Mack Real Estate and Palin Enterprises are the co-developers of the 40-story tower in conjunction with Urban Development Partners.
Ismael Leyva Architects designed the building, which has rental apartments on the lower floors and condos on the upper floors.
When I looked at The Greenpoint’s website the other day, available rental apartments ranged in price from $3,060 per month for a studio to $5,380 per month for a two-bedroom unit.
Some condo sales have closed at The Greenpoint.
For instance, city Finance Department records indicate, a unit on the 29th floor sold for $2,235,058 and a 36th-floor apartment sold for $2,158,690.
Rezoning in 2005 mandated green space construction
The waterfront green space also has a 4,000-square-foot playground whose construction wasn’t quite finished the day I was there. Some of the playground equipment looks a little bit like abstract sculptures.
The Greenpoint’s developers were required to build the waterfront green space, give it to the city and promise to fund its maintenance. A 2005 rezoning imposed this requirement on developers of the neighborhood’s waterfront sites.
By the way, the park outside The Greenpoint is open from dawn until dusk. It’s a tranquil spot to watch the sunset.
If you point your camera in the right direction, you’ll be able to include the Empire State Building in your pictures.
A new promenade at Newtown Barge Park
The second green space I want to show you is Newtown Barge Park.
To get there from The Greenpoint, walk inland to Franklin Street and stroll several blocks north to Commercial Street.
Newtown Barge Park was an existing city park. Plans to expand it were made several years ago.
A promenade was added to improve public access to the shoreline. This particular bit of shoreline is the East River, very near where Newtown Creek empties into it.
The park has a lovely swath of lawn, pretty plantings and a fenced-in sports field suitable for baseball and soccer.
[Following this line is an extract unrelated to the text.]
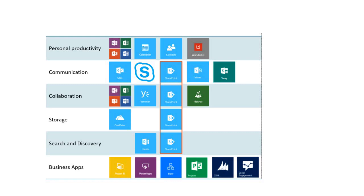Now the question over here is where does Graph API fit into the entire ecosystem. So for this I am going to give you one of the diagrams that will help you to understand where the Graph API fits into M365 ecosystem.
If you’re at Newtown Barge Park when the weather’s nice, you’ll see the sun glinting on the windows of an adjacent apartment tower whose address is Two Blue Slip.
It’s part of a 22-acre, multi-building shoreline development called Greenpoint Landing that Park Tower Group is building. Brookfield Properties is a partner for a portion of the project.
By the way, these developers were also obligated by the 2005 rezoning to construct publicly accessible waterfront space. Last year, they opened a section of that green space. It runs between Two Blue Slip and another tower of theirs, One Blue Slip.
Sunrise, sunset, sunrise, sunset
Also by the way, the construction of residential towers marks a new phase in the history of the Greenpoint waterfront. In the 19th century, the area was a shipbuilding mecca.
More than a dozen shipbuilding firms moved to the neighborhood from Manhattan in the 1850s, the city Landmarks Preservation Commission’s designation report about the Greenpoint Historic District says. The famous ironclad Civil War vessel, the Monitor, was made in Greenpoint.
But more about Newtown Barge Park.
It’s open from 6 a.m. to 1 a.m.
This means you can do outdoor yoga at sunrise — though I don’t have the self-discipline to get up that early, so I don’t have any photos of anything like that.
You can also sit and watch the sunset. I did. It was splendid. But the pictures I took at dusk are prettier than the sunset shots.
A dinner-time picnic would be fun at Newtown Barge Park. There are nearby restaurants that would be good places to get a to-go dinner.
The Brooklyn Ice Cream Factory is a few blocks away on Commercial Street. You might want to eat dessert there — because if you carry ice cream all the way to the park in this weather, you could wind up with a drippy mess.